Lemon Ricotta Cookies

First, you should you know that sharing this recipe with you, at this moment, is keeping me from a complete brain meltdown due to cramming ridiculous amounts of finance information into my brain.

Boo finals.  It hurts.

So thank you for being there to read this.  My brain feels a little less mushy already.

 

Second, I need you to throw out any preconceived notions you have about cheese and sweets.  Lemon Ricotta Cookies?  Yeah, yeah I know it sounds strange.  But trust me, it's not.  The ricotta creates this fabulous cake like texture and the lemon makes for a light and refreshing treat.  Oh, and did I mention you get to slather them in a lemon glaze?


 You want one don't you?


Or 27 of them...

lemon ricotta cookies
Makes: 3-4 dozen cookies   Prep Time: 10 minutes  Bake Time: 15 minutes  Cooling Time: 20 minutes   Total Time: 45 minutes


Ingredients:
for the cookies-
2 1/2 cups flour
1 teaspoon baking powder
1 teaspoon salt
1 stick unsalted butter, at room temperature
2 cups sugar
2 eggs
1 (15-ounce) container whole milk ricotta cheese
3 tablespoons lemon juice
zest of 1 lemon

for the glaze-
1 1/2 cups powdered sugar
3 tablespoons lemon juice
zest of 1 lemon

 
Preheat the oven to 350°, line cookie sheets with parchment paper, and gather your ingredients.

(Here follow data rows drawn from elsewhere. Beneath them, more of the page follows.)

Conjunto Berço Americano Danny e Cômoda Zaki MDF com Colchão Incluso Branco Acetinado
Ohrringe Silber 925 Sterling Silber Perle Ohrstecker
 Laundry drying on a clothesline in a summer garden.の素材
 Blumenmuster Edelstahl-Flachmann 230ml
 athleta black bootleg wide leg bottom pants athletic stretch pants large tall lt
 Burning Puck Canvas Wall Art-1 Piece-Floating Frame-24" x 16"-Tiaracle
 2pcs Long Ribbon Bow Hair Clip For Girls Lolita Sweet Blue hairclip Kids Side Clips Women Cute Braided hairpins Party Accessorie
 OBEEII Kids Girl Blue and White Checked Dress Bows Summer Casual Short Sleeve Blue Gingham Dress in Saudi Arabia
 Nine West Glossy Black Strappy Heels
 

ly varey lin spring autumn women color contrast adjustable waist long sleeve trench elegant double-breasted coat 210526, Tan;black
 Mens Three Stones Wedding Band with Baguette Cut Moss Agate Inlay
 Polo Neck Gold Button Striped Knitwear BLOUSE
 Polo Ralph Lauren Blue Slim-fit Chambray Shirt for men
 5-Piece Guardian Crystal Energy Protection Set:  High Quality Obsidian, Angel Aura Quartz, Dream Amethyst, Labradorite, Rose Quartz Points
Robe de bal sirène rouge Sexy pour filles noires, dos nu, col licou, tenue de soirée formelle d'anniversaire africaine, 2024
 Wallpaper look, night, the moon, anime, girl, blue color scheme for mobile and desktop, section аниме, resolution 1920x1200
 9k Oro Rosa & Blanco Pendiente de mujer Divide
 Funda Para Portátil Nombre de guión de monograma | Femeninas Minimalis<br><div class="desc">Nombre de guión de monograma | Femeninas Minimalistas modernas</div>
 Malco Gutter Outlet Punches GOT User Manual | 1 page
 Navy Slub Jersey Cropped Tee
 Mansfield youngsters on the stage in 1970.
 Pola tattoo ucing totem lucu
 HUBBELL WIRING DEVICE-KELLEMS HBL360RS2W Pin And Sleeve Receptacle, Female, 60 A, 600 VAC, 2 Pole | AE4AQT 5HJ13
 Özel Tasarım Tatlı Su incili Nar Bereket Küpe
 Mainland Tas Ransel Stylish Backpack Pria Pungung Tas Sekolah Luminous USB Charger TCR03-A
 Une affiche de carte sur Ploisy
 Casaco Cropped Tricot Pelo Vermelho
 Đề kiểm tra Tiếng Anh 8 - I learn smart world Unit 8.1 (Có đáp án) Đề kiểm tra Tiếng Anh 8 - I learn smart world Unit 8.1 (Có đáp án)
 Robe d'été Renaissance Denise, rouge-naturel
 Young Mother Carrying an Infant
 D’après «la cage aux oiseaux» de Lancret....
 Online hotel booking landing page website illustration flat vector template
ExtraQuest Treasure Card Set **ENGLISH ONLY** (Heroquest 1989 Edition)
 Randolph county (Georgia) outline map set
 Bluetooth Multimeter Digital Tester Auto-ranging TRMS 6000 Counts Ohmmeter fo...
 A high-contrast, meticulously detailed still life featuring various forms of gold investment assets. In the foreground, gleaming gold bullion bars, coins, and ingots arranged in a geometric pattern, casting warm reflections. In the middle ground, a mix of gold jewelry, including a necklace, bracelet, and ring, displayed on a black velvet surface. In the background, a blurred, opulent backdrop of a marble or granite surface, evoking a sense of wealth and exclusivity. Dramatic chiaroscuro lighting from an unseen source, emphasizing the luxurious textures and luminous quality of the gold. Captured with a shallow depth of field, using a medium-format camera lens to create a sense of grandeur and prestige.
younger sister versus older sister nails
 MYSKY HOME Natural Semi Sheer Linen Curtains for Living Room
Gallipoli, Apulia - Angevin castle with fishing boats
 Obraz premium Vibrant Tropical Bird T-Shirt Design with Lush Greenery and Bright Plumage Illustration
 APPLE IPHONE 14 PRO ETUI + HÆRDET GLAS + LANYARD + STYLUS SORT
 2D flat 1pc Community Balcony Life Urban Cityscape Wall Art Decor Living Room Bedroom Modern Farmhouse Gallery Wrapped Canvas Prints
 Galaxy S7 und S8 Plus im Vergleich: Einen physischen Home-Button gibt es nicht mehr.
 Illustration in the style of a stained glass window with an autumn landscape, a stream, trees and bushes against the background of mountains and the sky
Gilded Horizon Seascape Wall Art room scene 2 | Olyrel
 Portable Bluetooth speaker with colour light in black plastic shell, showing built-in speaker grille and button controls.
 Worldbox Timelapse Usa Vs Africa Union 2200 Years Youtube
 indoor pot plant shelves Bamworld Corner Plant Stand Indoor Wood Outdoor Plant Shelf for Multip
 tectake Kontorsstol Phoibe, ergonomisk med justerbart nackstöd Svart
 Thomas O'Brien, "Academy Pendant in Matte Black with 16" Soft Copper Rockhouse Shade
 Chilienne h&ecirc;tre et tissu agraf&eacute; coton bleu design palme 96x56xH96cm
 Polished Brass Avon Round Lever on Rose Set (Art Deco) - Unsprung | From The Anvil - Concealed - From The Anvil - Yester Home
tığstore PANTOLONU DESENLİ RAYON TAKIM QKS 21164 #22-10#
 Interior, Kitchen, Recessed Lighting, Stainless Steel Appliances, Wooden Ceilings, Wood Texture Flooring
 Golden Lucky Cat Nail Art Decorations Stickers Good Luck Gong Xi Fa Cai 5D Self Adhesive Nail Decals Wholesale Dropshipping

In a medium bowl combine flour, baking powder, and salt.  Set aside.



In the bowl of a stand mixer (or with a hand mixer), beat the room temperature butter with 2 cups of sugar on medium-high speed until light and fluffy.  About 3 minutes.


Scrape down the sides of the bowl with a rubber spatula.  Add the eggs one at a time.


Beating each one until well incorporated.


Add the ricotta cheese.


The zest of one lemon.


And 3 tablespoons of lemon juice.  Mixing on medium speed to combine.


On low speed, mix in the dry ingredients.


Until you have a smooth batter.  Drop the dough (about 2 tablespoons per cookie) onto the prepared baking sheets.  Bake for 15 minutes or until lightly golden around the edges.


While the cookies are baking, combine 1 1/2 cups powdered sugar, 3 tablespoons lemon juice, and the zest of one lemon in a small bowl.


Stir until smooth.


When the cookies come out of the oven, let them cool on a wire rack for 20 minutes or so.


And then drizzle each cookie with about 1/2 teaspoon of the lemon glaze.


Then let the glaze harden for an hour or so.


Mmm.  Lemony fresh.


Time to eat!


Enjoy!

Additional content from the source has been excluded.